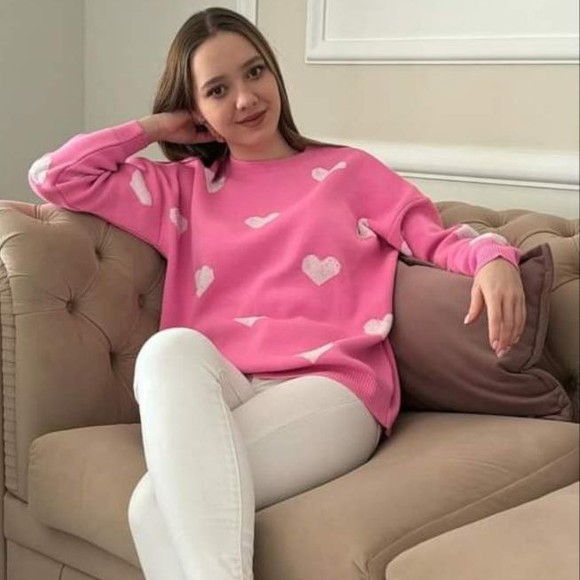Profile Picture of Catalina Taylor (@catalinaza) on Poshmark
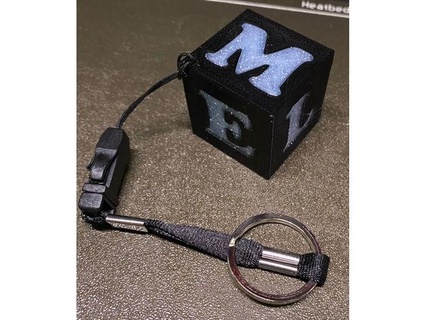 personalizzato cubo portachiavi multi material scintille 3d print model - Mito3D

------------------------------------------------------------------------

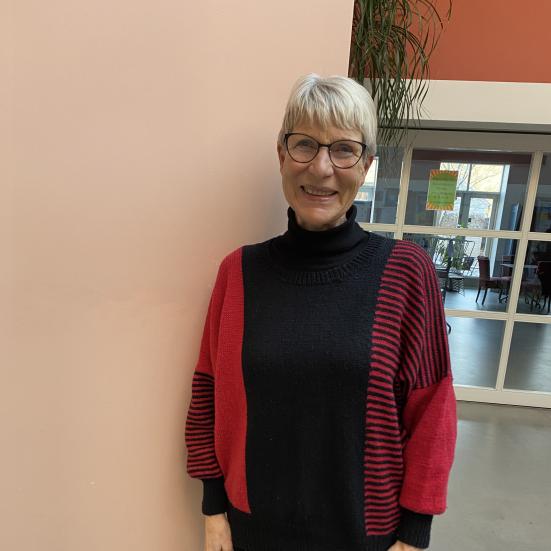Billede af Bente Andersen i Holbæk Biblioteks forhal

------------------------------------------------------------------------

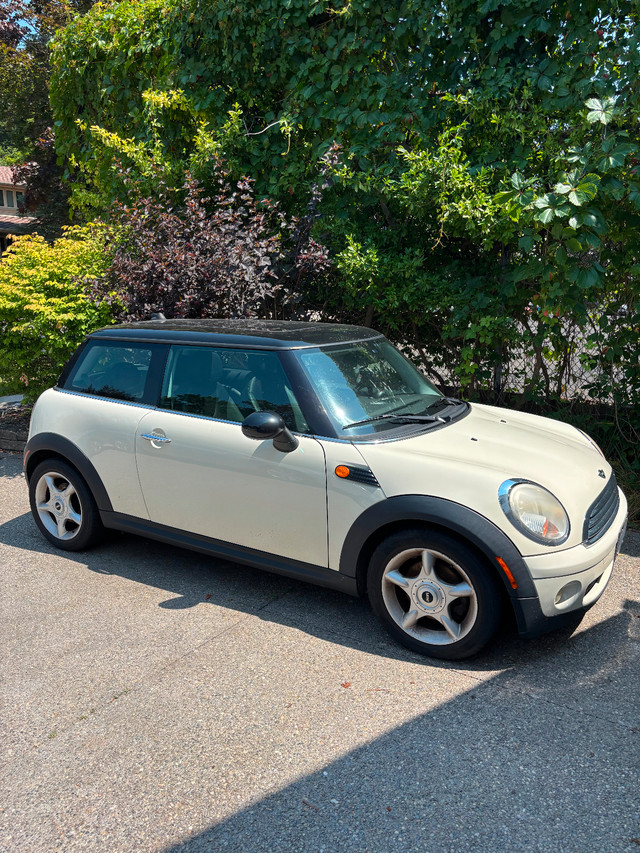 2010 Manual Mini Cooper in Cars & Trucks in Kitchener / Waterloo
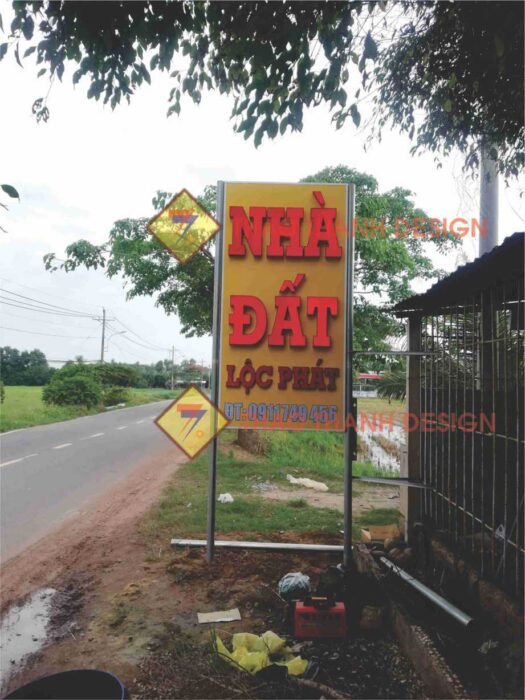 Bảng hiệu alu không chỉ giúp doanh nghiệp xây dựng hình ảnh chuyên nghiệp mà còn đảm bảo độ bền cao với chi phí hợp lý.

------------------------------------------------------------------------

Work required ▸ Copy the listing above exactly, but only from the line with "Profile Picture of" through the line with "personalizzato cubo portachiavi", including those two lines and excluding any picture.

Result of the exercise ▸
Profile Picture of Catalina Taylor (@catalinaza) on Poshmark
 personalizzato cubo portachiavi multi material scintille 3d print model - Mito3D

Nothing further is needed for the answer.